Gordon’s mother Marilyn—on duty 24/7, feeling as trapped as her husband is—has entered a state of near collapse, both physical and emotional. Nothing has prepared her for managing her husband’s difficult and ever-changing behaviors. The emotionally taut scenes reveal the sense of a long-married couple’s everyday life turned on its head. Despite the pain of transitioning to a new time in their relationship, the love that clearly sustained them for so many years is ever-present and something they repeat to each other, even when it is the only thing in their life that makes sense to them.

You can see the first South Florida public screening at the Movies of Delray on Wednesday, Oct. 30 at 9 a.m.  This is a free event and for the first hour I am serving a continental breakfast and after the screening of the film we will have special guest speakers who will talk about various topics surrounding the topic of Alzheimer’s caregivers.

I must add that none of this would be possible without the generous support of my local and national presenting sponsors The Roskamp Institute, Diginity Memorial, The Alzheimer’s Research and Treatment Centers and Senior Information Centers.

  1. What was it like filming your own family?

It was a very difficult time for our family as you can imagine. I first started this film because my dad was entering a new program for experimental drugs. I remember going to our neurologist and he told my mom and I that there was nothing else he could do for us. My mom was heartbroken and lost all hope. Fortunately, my mom found an amazing doctor in our area, Dr. David Watson, who took my dad in one of the clinical trials. I asked him if I could film the program without knowing that things were beginning to turn on its head. I literally had a camera in one hand 24 hours while helping my mom as best as I could.
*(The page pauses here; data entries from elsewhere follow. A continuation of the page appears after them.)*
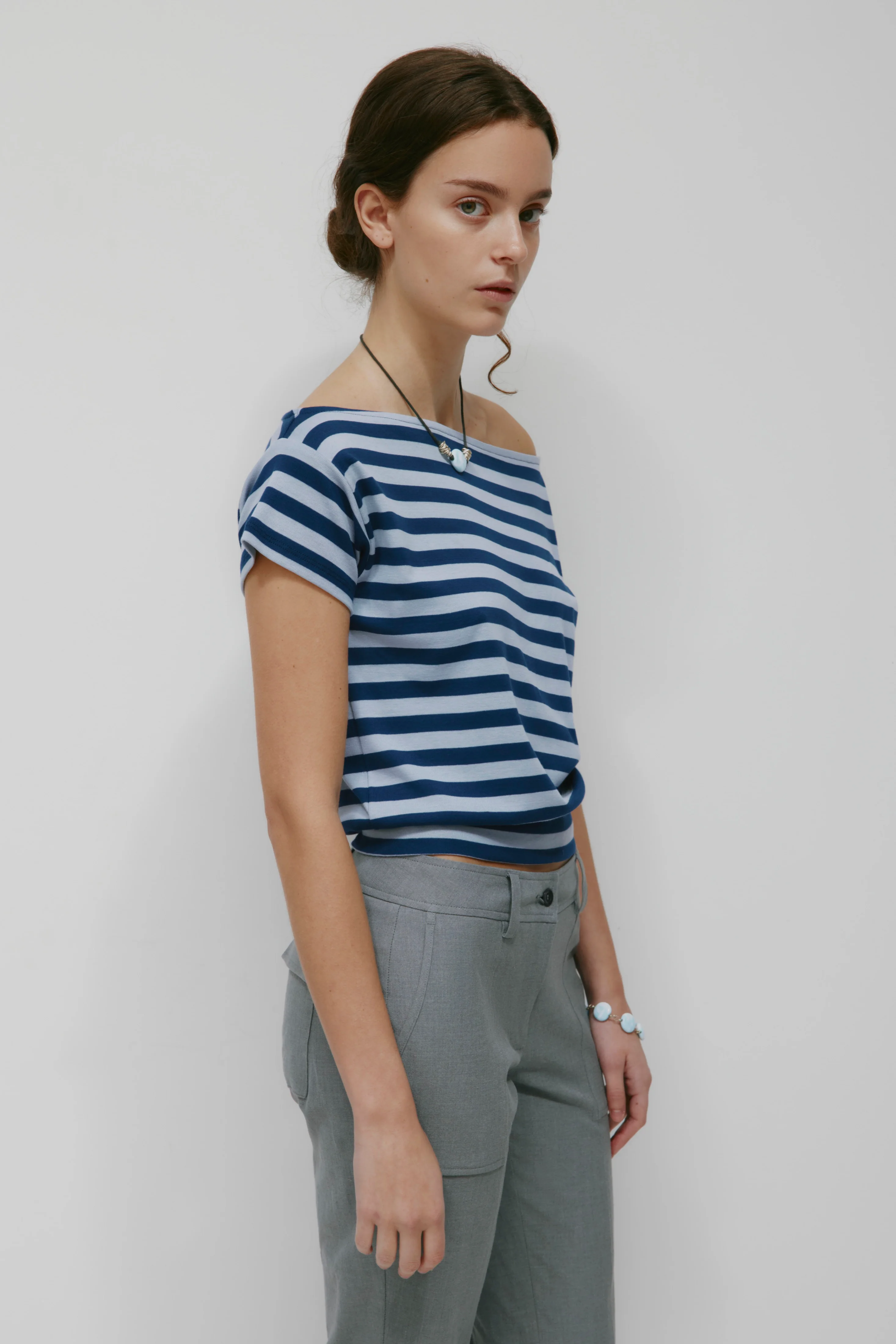 Women's Boatneck Banded Tee in Blue Aura/Dark Indigo Stripe - Image 3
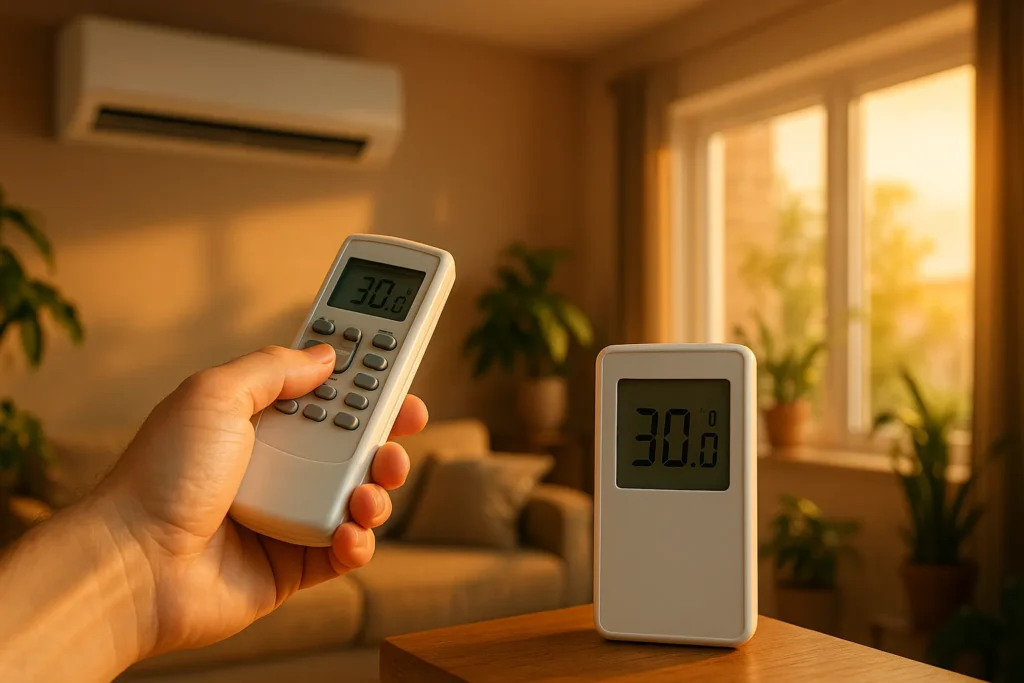 Ar Condicionado Cool: O Guia Completo Sobre A Função E Como Maximizar Seu Uso 3 Mão Segurando Controle Remoto De Ar-Condicionado Apontado Para Unidade Split, Com Termômetro Digital Marcando 30 °C, Em Sala De Estar Com Plantas E Luz Quente Do Entardecer.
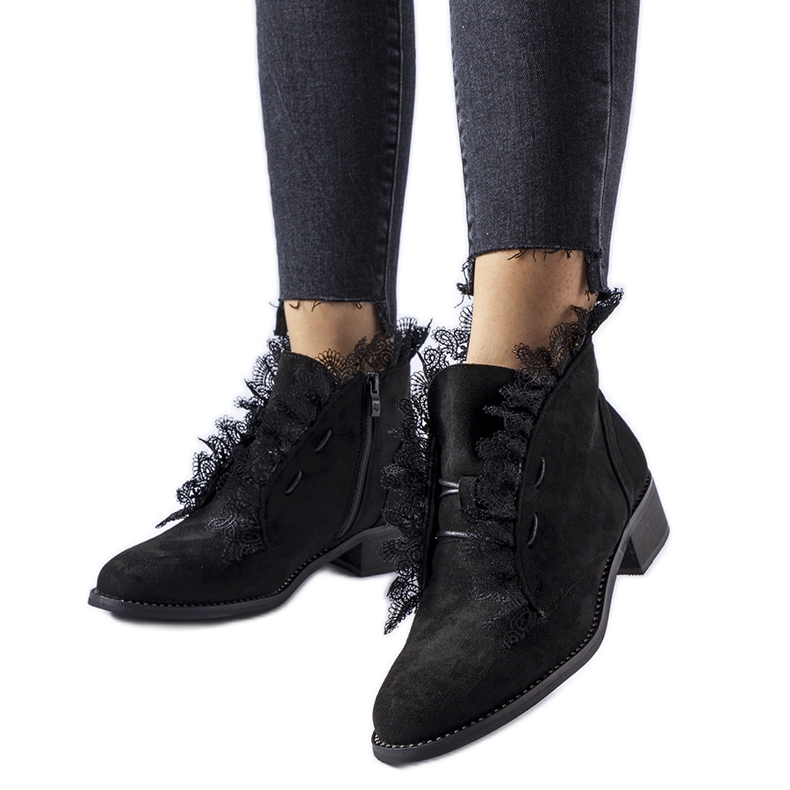 Botine negre cu strasuri si dantela de la Belviglieri negru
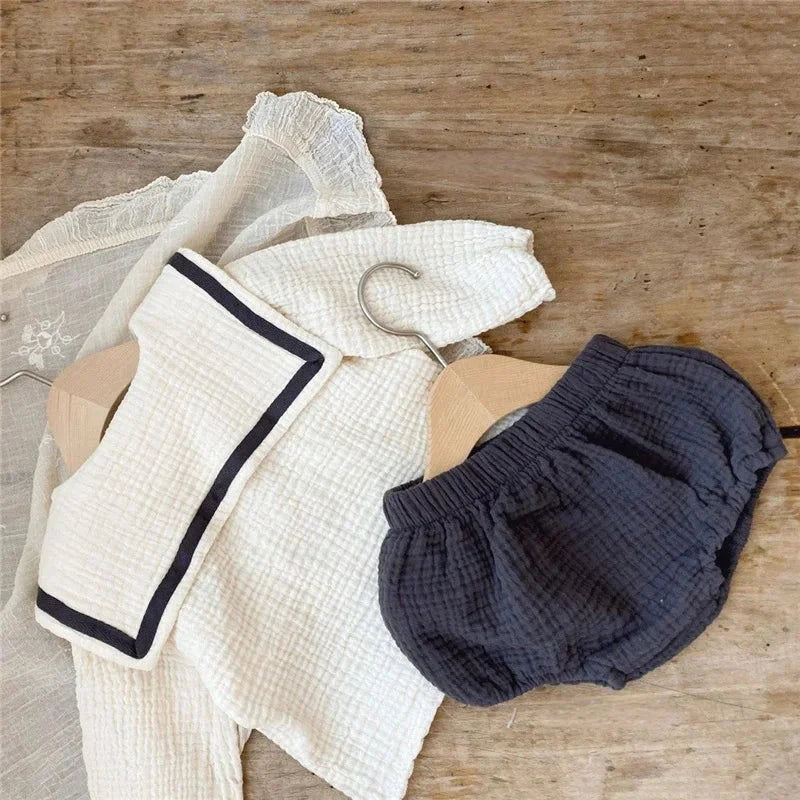 Conjunto Infantil Navy Blommer e Blusa Lenogue Bege & Preto / 3-6 Meses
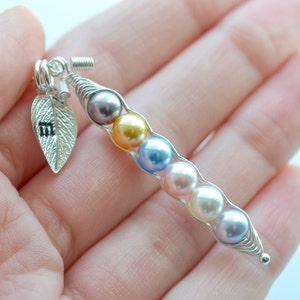 Personalized 6 Peas in a Pod Necklace: Birthstone Color Crystal Pearls, Initial Leaf Charm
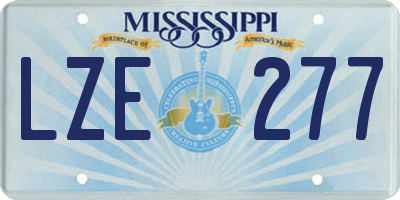 MS license plate LZE277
  1. What was the most challenging part? What was the most rewarding?

This was a very difficult project to take on because the footage was so heartbreaking to watch back. It took me at least a year before I began to review all the footage. I was shocked what I captured on film, because many times I just put the camera down and let it roll even when I wasn’t in the room. I had hundreds of hours of footage and it was painstaking not only to watch the downfall of my dad as well as the heartbreaks of my mom, but to get it down to a little over an hour. I still cry every time I watch the film.
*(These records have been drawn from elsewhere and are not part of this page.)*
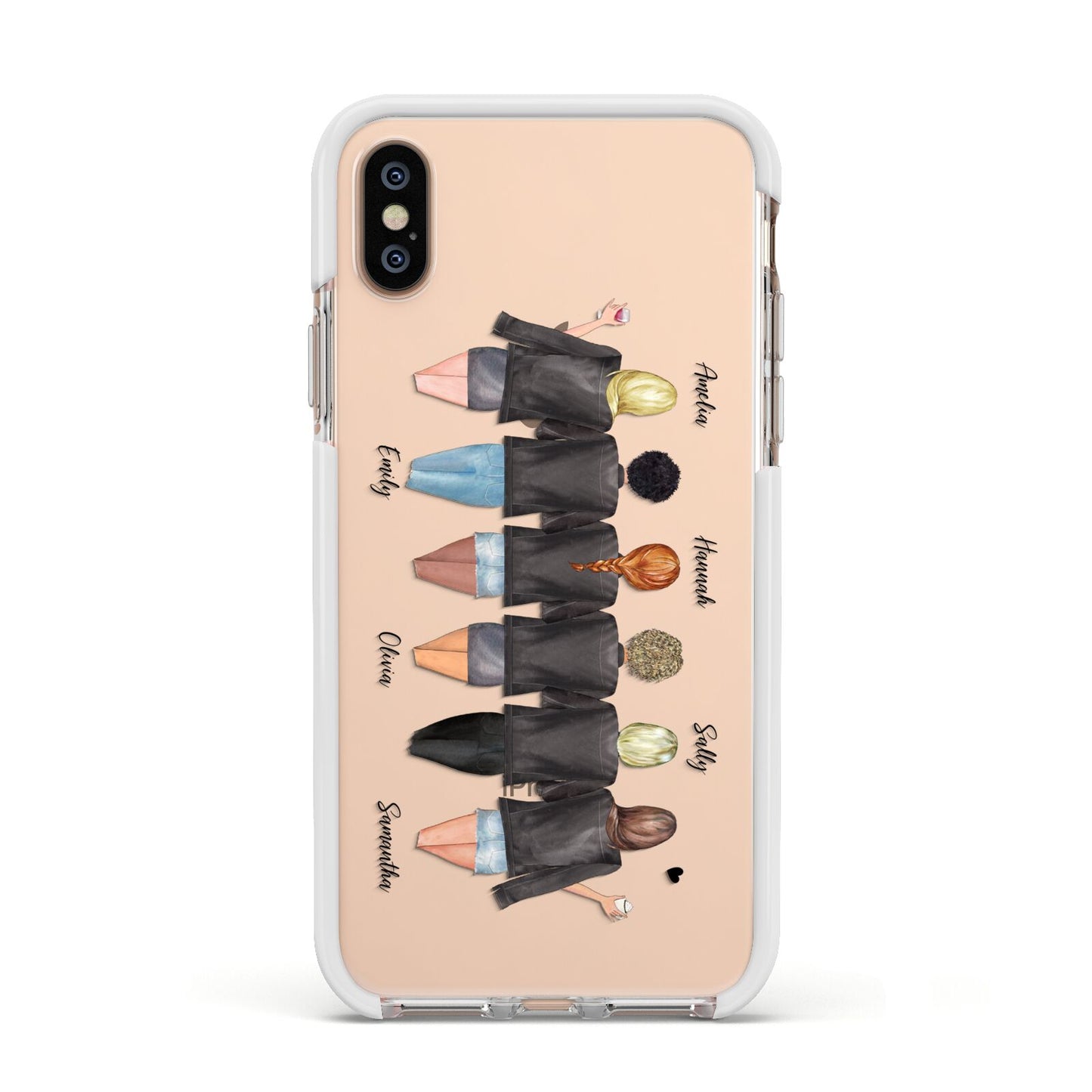 6 Best Friends with Names Apple iPhone Xs Impact Case White Edge on Gold Phone
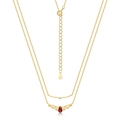Double layer S925 sterling silver necklace with red pear shaped garnet pendant - Red Garnet (NL021987) / 925 Silver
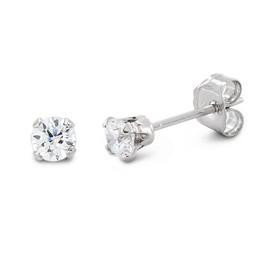 Sterling Silver CZ Stud Earrings 3MM
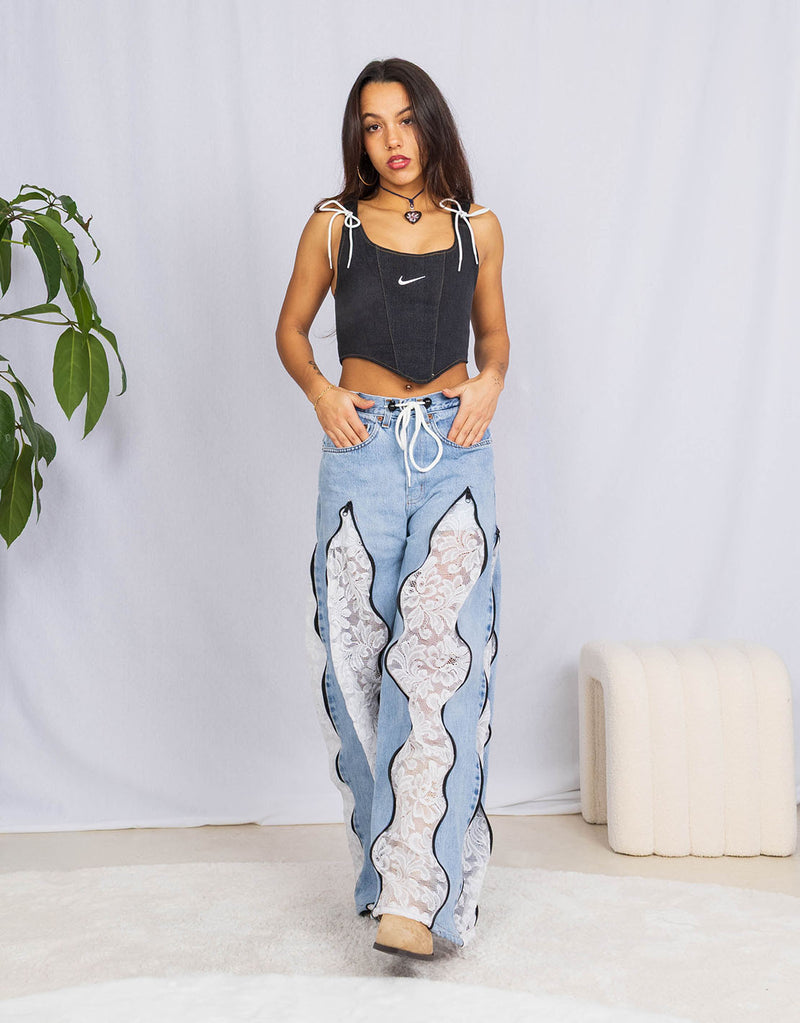 Vintage customized lace zipper jeans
I made this film out of love and I think the most rewarding part is to know that I am making a difference in the lives of other caregivers. I hope that caregivers and their families are more prepared to take on this impossible role as a caregiver. I hope people will be better prepared to handle the hardships they are about to face with this horrendous disease through our experiences.

  1. The film has already won awards including “Best Overall Feature Documentary” and “Making a DiFFerence Feature Documentary” at several film festivals. What does it mean to win these types of awards?

I think that awards are great to receive. They are meaningful nods from the industry professionals and film scholars that the film is making an impact on educating the public about an important topic.  It also helps make the film more valuable. To me personally, winning these awards affirms that people appreciate the hard work, passion and dedication that was put into finishing this very personal story. I am truly honored to be blessed that people acknowledge the importance of this piece of art.